In this study, we evaluated the efficacy of three spinal anesthesia methods, bupivacaine alone or with dexmedetomidine or fentanyl in lower limb orthopedic surgeries. Although there was no significant difference between groups in time to onset of Bromage 3 and complete motor block, BD group had lower time to reach the highest sensory level than BF group, with no difference with BN group but it was not statistically significant. (P-value = 0.08).

Similarly, Mahendru et al. [12] found no significant difference in onset of motor block between dexmedetomidine and fentanyl groups. While Yektas [13] and Ravipati [15] reported faster onset of motor block for dexmedetomidine compared to fentanyl. Other studies have also mentioned lower time to reach the highest sensory level in dexmedetomidine compared to fentanyl [1219].

The mechanism of how dexmedetomidine prolongs sensory and motor blockade is not known. Dexmedetomidine is a highly-selective α2-adrenergic receptor agonist that causes analgesia by suppression the release of C fiber transmitters and hyperpolarization of post-synaptic neurons [13].

In our study, the highest sensory level in BD and BF group were T6 and T5 while in BN group was T6 and T7 dermatomes. One study reported the highest sensory level at T5 dermatome [15] and Mahendru [12] reported in T6 dermatome. Other study reported the highest sensory level at T5 dermatome in dexmedetomidine and T6 in fentanyl group [20].

None of the patients requested analgesic during the surgery. Bromage 3 occurred in all patients before operation. Complete regression of motor block (Bromage 0) was reached in all patients and with the highest duration in BD group. Moreover, time to regression to S1 sensory level and regression of two sensory levels in BD group was significantly longer than the other groups. These patients also experienced lower pain intensity six hours after surgery indicative of the highest postoperative analgesia duration in BD group.

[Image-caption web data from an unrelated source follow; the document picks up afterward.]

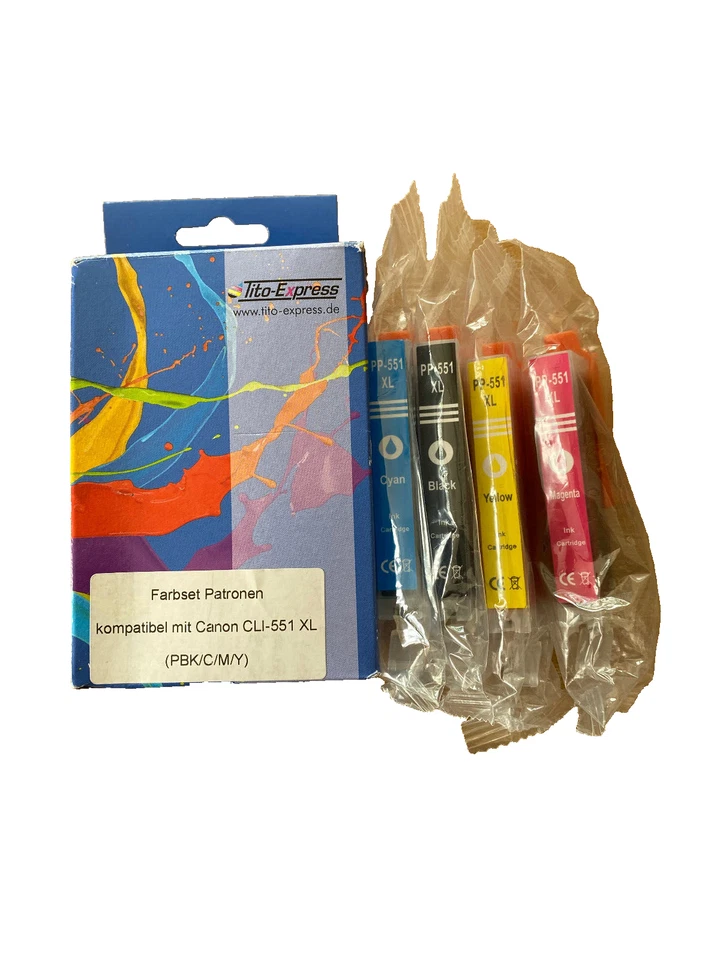Farbset Patronen für Canon CLI-551 XL (PBK/C/M/Y)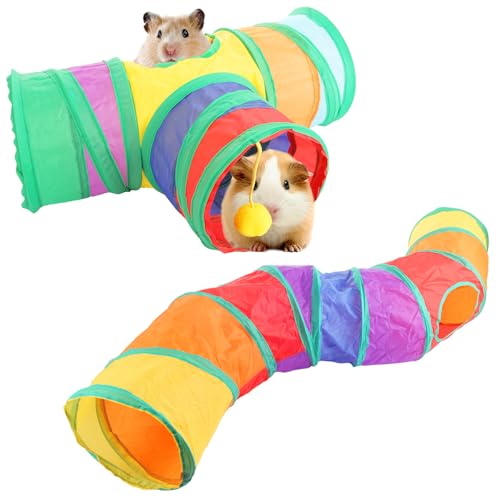 ZOFUN 2 Stück Katzentunnel, 46 x 16 cm T Typ Kaninchen Tunnel und 80 x 15 cm S Typ Hamster Tunnel, bunte Hamster Tube Set, Leinwand Meerschweinchen Tunnel für Haustier Katze Kaninchen Hamster Kätzchen von ZOFUN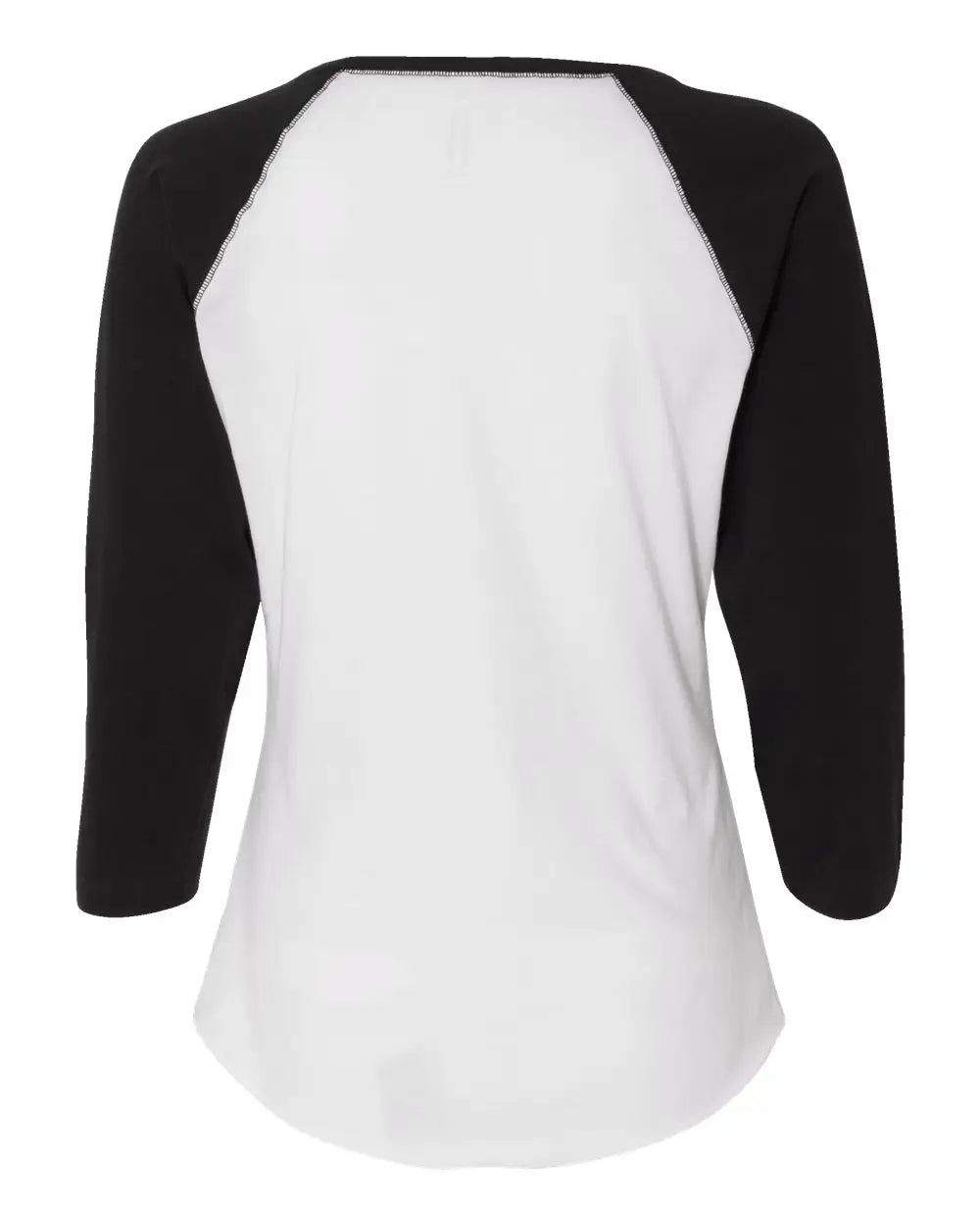 Lat 3530 Women’s Baseball Fine Jersey Three-quarter Sleeve Tee - White Solid Black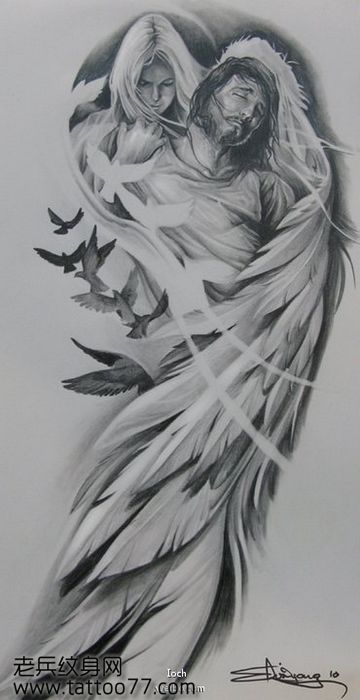 经典的天使翅膀耶稣纹身图案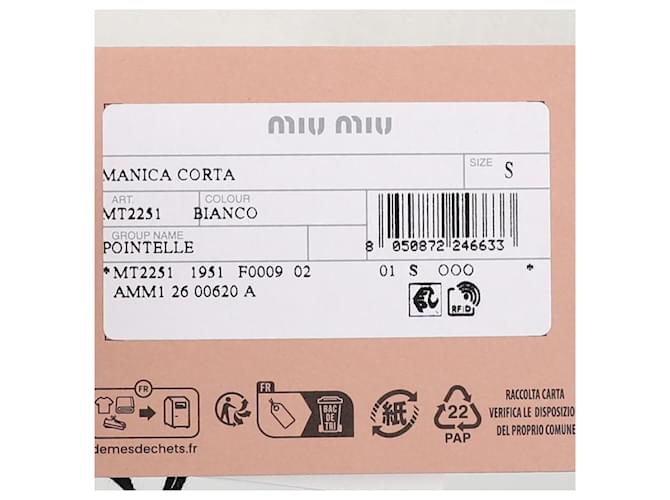 Miu Miu Baumwoll-T-Shirt Weiß - Ansicht 8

Reduced need for analgesics in the post-operation period, more stable hemodynamics, longer duration of sensory and motor block for dexmedetomidine have been reported in previous studies comparing this drug with other drugs such as clonidine, fentanyl and sufentanil [16, 19, 2124]. In orthopedic surgeries of lower limb, better results have also been reported for dexmedetomidine compared to fentanyl [12, 13].

Hemodynamic changes is common in anesthesia medications. We observed that changes in SBP, DBP and HR in BF was higher than BD and BN groups, with no difference between BD and BN patients. The highest decline occurred 5 min after spinal injection and was rather stable afterwards. Unlike our findings, other studies did not report any significant difference between fentanyl and dexmedetomidine regarding hemodynamic status [12, 13, 1518]. Decline in HR and blood pressure are common effects of opioids. The difference in hemodynamic findings could be due to the response of each individual to the drug, demographic profile, volume of IT injectate and volume of diluent used.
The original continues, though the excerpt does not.